[Recorded data]

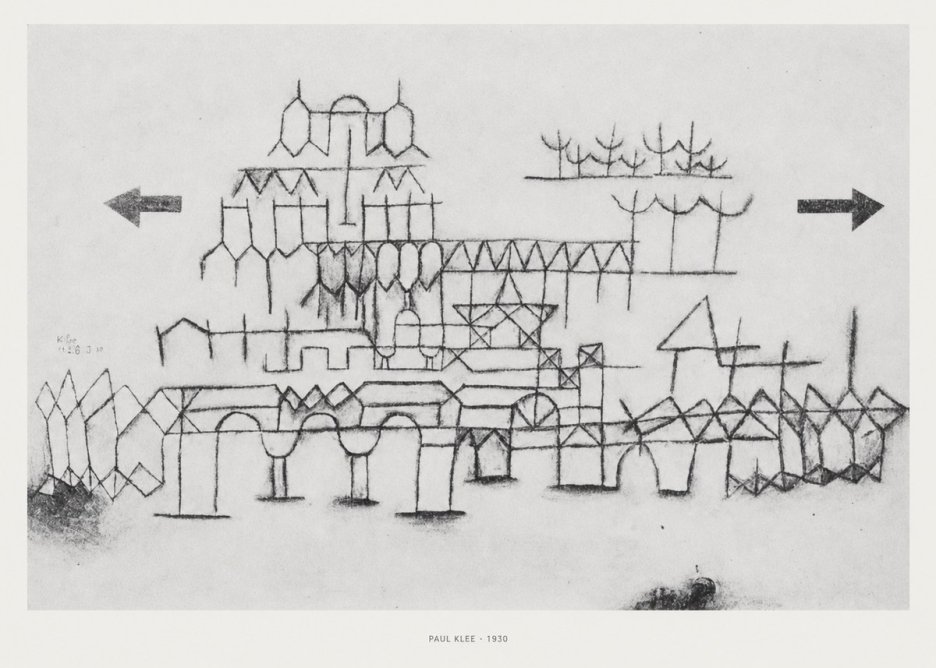 Paul Klee Architektur No5 - Plakát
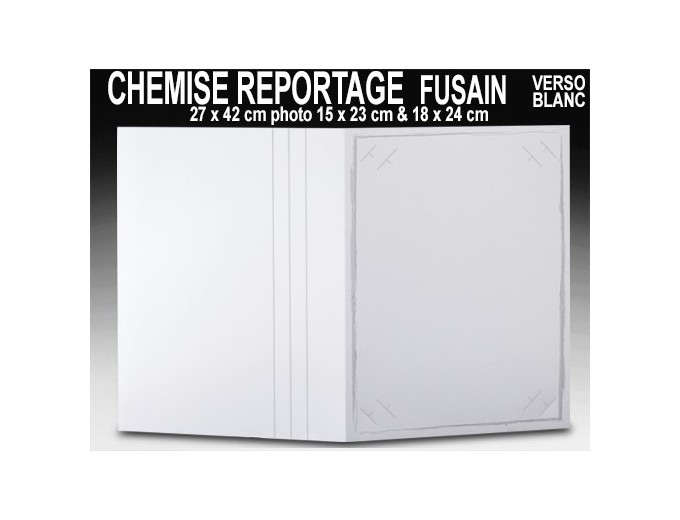 100 CHEMISES REPORTAGE FUSAIN POUR 18X24,15X23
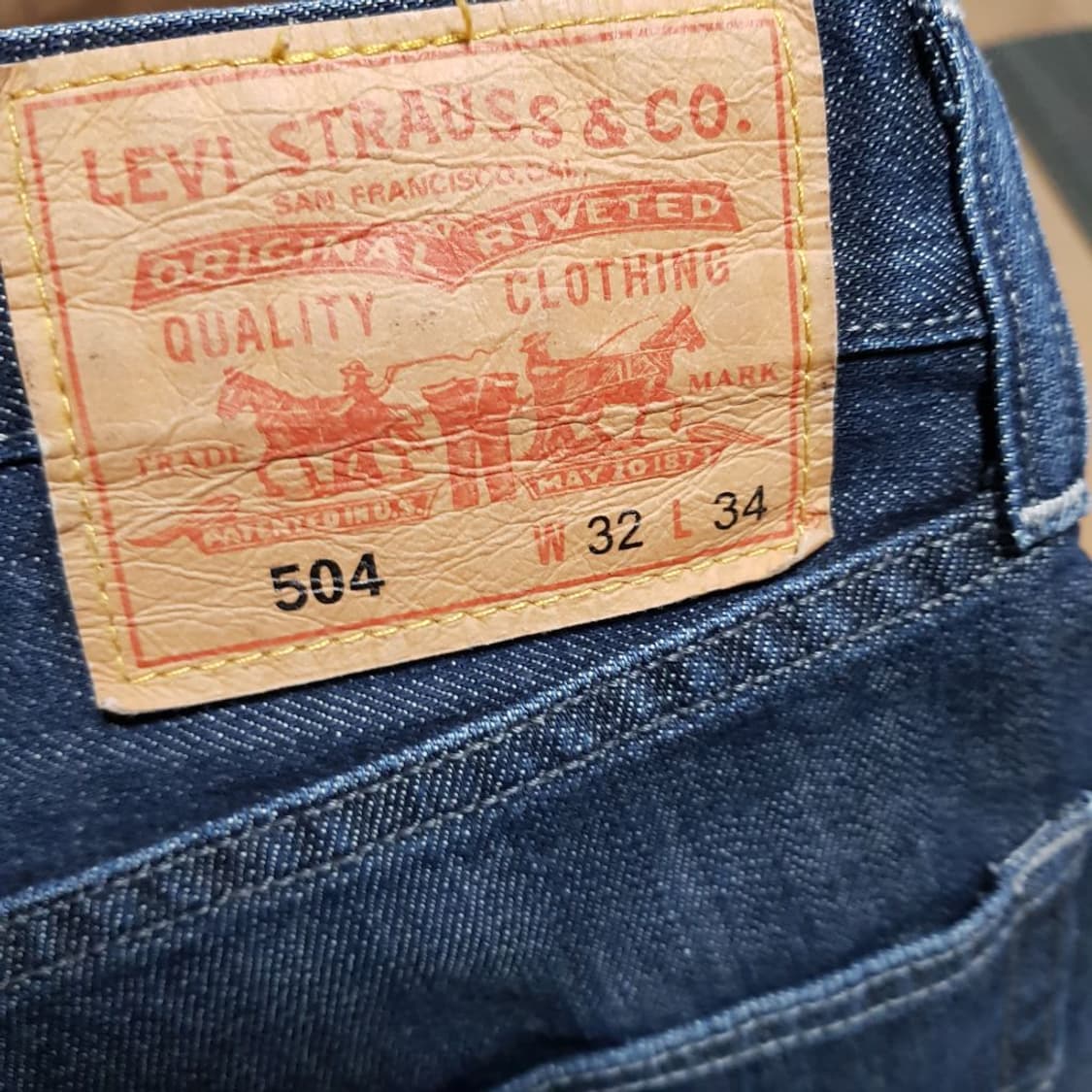 32 / 리바이스 504 청바지 / 토발322/ 상품이미지2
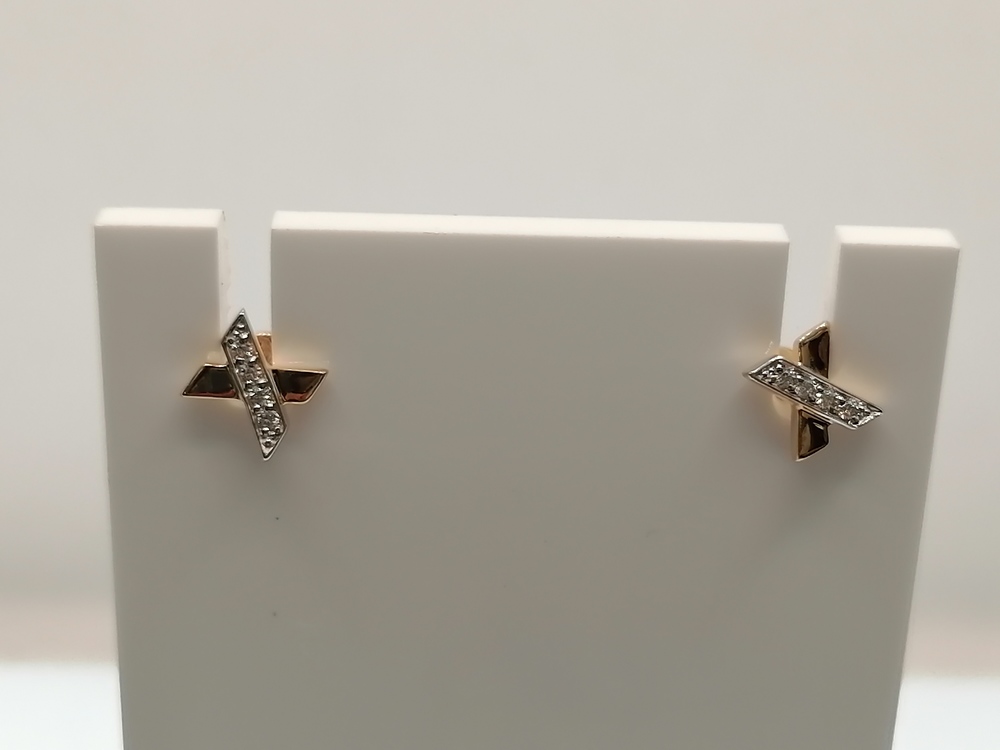 СЕРЬГИ С КАМНЯМИ (Au 585)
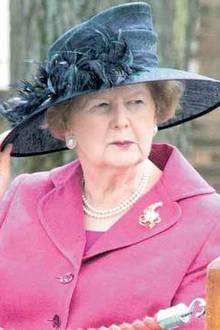 Baroness Thatcher on one of her final visits to Kent at the Duke of York’s Royal Military School in May 2008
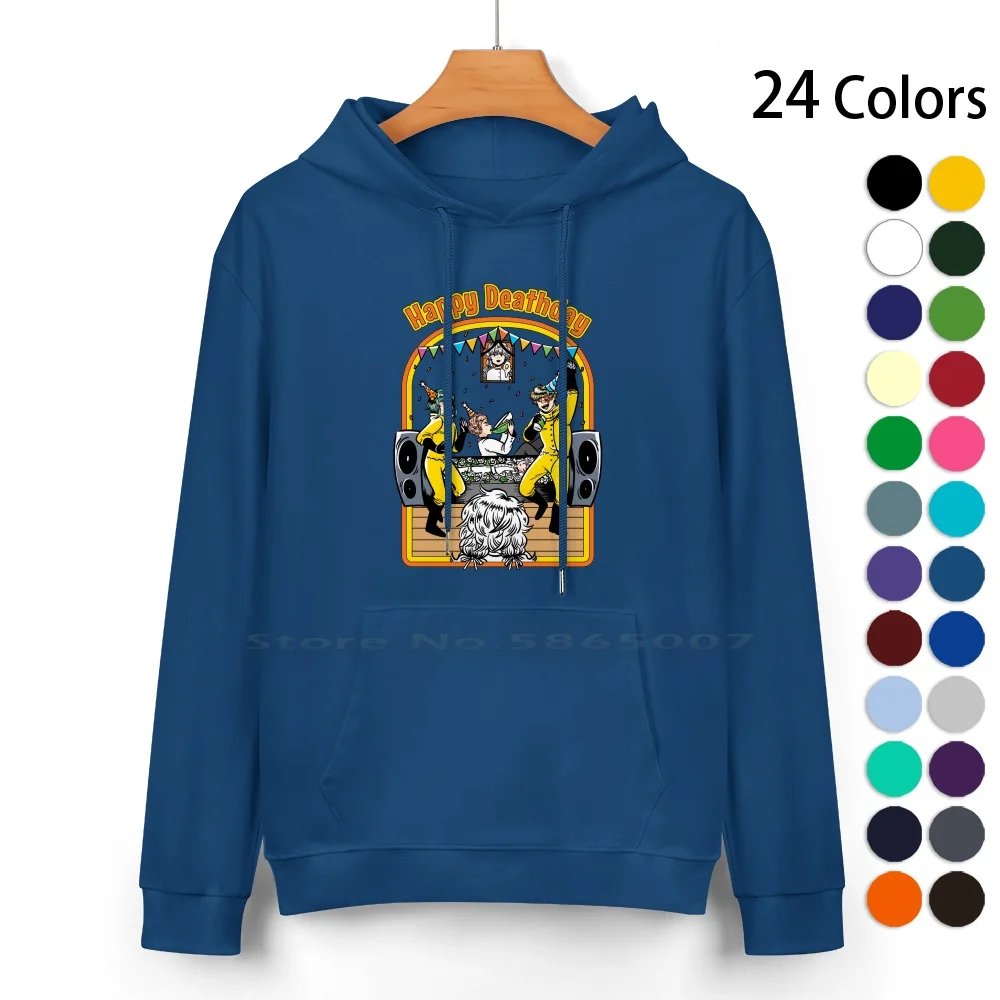 Hello Charlotte : Happy Deathday Pure Cotton Hoodie Sweater 24 Colors Hello Charlotte Etherane Q84 Bennett Florence Felix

### The problem
Output all of the data exactly. Skip the pictures.

### Answer space
 Paul Klee Architektur No5 - Plakát
 100 CHEMISES REPORTAGE FUSAIN POUR 18X24,15X23
 32 / 리바이스 504 청바지 / 토발322/ 상품이미지2
 СЕРЬГИ С КАМНЯМИ (Au 585)
 Baroness Thatcher on one of her final visits to Kent at the Duke of York’s Royal Military School in May 2008
 Hello Charlotte : Happy Deathday Pure Cotton Hoodie Sweater 24 Colors Hello Charlotte Etherane Q84 Bennett Florence Felix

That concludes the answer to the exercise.